3. Transparency Information
Mutual Funds are required to provide information on portfolio development and costs continuously, so holders of Units can monitor the benefits, costs, and risks of each Fund shall saat.Pengelola announced Net Asset Value (NAV) every day in newspapers and publishing the annual financial statements prospectuses and annual and regular basis so that investors can monitor the progress of its investments on a regular basis.
4. High Liquidity
In order to be successful investments, each investment instrument must have a sufficient level of liquidity high. Thus, Investors can melt back its participation unit at any time according to provisions made by each Mutual Fund making it easier for investors manage cash. Open mutual fund shall buy back its participation unit that is very liquid.
5. Low Cost
Because the mutual fund is a collection of funds from many investors and then managed in a professional, then in line with the potential to make these investments will generate transaction costs also efficiency.

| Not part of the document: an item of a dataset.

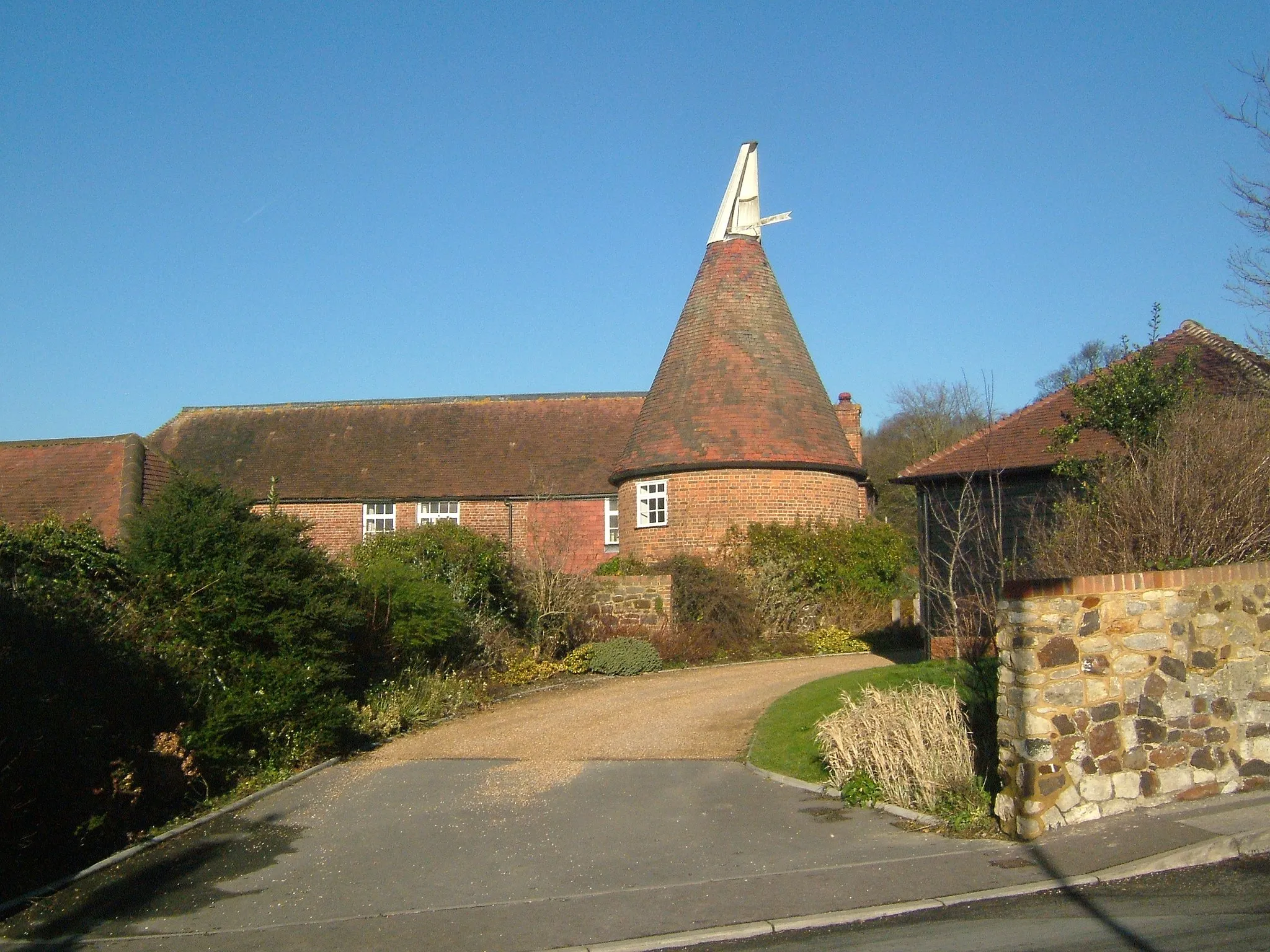 Photo showing: Wrotham in Kent, is a parish in Kent, England, south of Gravesend. 
Converted Oast House

Camera location 51° 18′ 28.44″ N, 0° 18′ 29.88″ E View this and other nearby images on: OpenStreetMap 51.307900;    0.308300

Transaction costs will be lower than if individual investors do their own transactions in the stock.
Mutual Fund Investment Risk
For mutual fund investing, investors must know the types of risks that potentially arise when buying Mutual Fund.

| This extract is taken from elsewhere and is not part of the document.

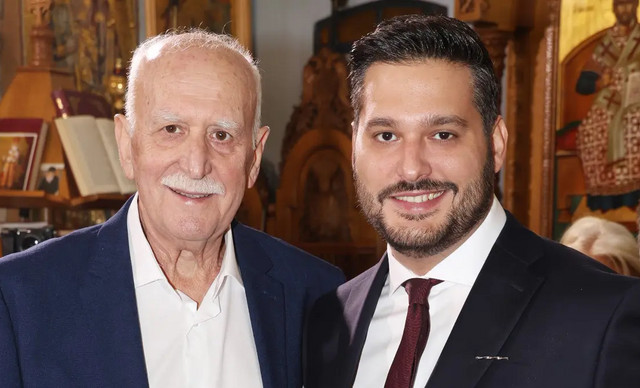 &Gamma;&iota;ώ&rho;&gamma;&omicron;&sigmaf; &Pi;&alpha;&pi;&alpha;&delta;ά&kappa;&eta;&sigmaf;: &Eta; &pi;&rho;ώ&tau;&eta; &alpha;&nu;ά&rho;&tau;&eta;&sigma;&eta; &tau;&omicron;&upsilon; &gamma;&iota;&omicron;&upsilon; &tau;&omicron;&upsilon; &mu;&epsilon;&tau;ά &tau;&omicron; &theta;ά&nu;&alpha;&tau;ό &tau;&omicron;&upsilon;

1. Risk reduction NAV (Net Asset Value) Units
The decrease was caused by the market price of investment instruments that are included in the Mutual Fund portfolio has decreased compared to the initial purchase price. Causes of decline in market prices Mutual fund investment portfolios may be caused by many things, among them due to stock market performance is worse, the deteriorating performance of the issuer, political and economic situation of uncertainty, and many other fundamental causes.
2. Liquidity Risk
Potential risks of this liquidity could occur if holders of Units in one mutual fund manager had to do a particular investment fund penarikkan in large numbers on the day and the same time. Term, the Investment Manager has experienced rush (withdrawal of funds en masse) of Investments mutual fund unit. This can happen if there is a negative factor that incredible affect mutual fund investors to sell back the Units mutual funds. These extraordinary factors of a political and economic situation is deteriorating, the closure or bankruptcy of several public listed company shares or bonds to the Mutual Fund portfolio, as well as the Investment Manager dilikuidasinya company as the manager of the Mutual Fund.
3. Market Risk
Market risk is the situation when the price of investment instruments has decreased due to declining performance of the stock market or bond market drastically. Another term is the market is experiencing bearish conditions, the prices of stocks or other investment instruments prices decline drastically. Market risk that occurs will indirectly lead to NAV (Net Asset Value) which is in the Mutual Fund Units will decline as well. Therefore, if you want to buy certain types of Mutual Funds, investors should be watching the market trend of the instrument itself Mutual fund portfolio.
4. Default Risk
Default risk occurs if the Investment Manager is buying the bonds of issuers that experienced financial difficulties earlier when the company’s financial performance is still fine, so the issuers are not forced to pay its obligations. These risks should be avoided by choosing an investment manager purchasing strategy investment portfolio closely.